··· Provided entries ···

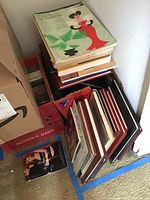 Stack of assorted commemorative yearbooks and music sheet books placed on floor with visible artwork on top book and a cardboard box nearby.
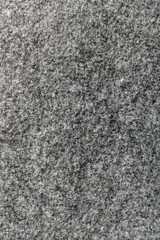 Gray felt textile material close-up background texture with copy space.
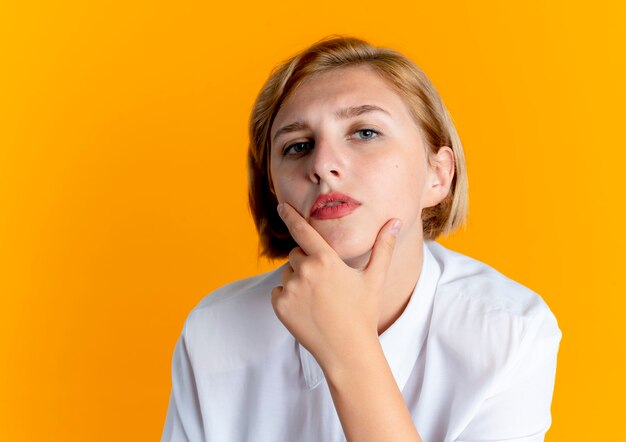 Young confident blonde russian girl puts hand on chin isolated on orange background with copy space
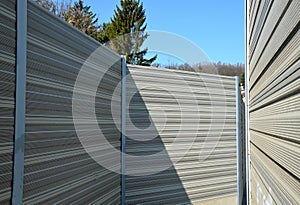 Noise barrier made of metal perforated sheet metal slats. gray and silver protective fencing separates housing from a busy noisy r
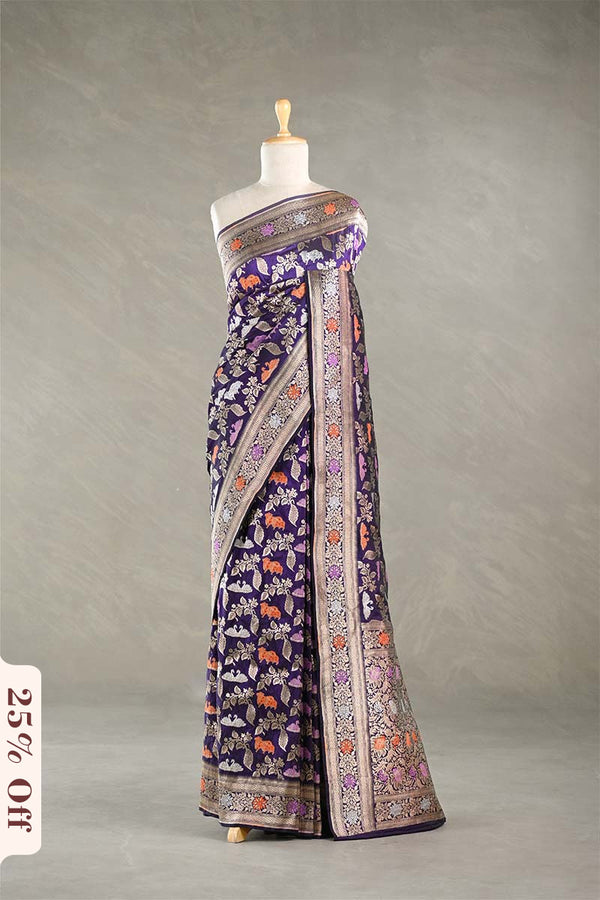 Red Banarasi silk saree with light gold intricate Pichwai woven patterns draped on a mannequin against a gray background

···
··· Provided entries ···

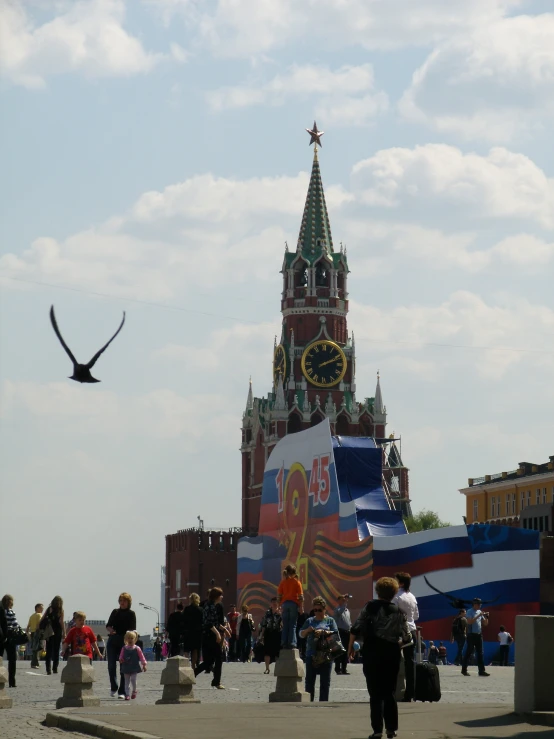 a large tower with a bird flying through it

···

**Action item:** Exact copy, pictures excluded: from the line with "Young confident blonde" up to and including the line with "Red Banarasi silk" in the data above.

**Response to the exercise:**
 Young confident blonde russian girl puts hand on chin isolated on orange background with copy space
 Noise barrier made of metal perforated sheet metal slats. gray and silver protective fencing separates housing from a busy noisy r
 Red Banarasi silk saree with light gold intricate Pichwai woven patterns draped on a mannequin against a gray background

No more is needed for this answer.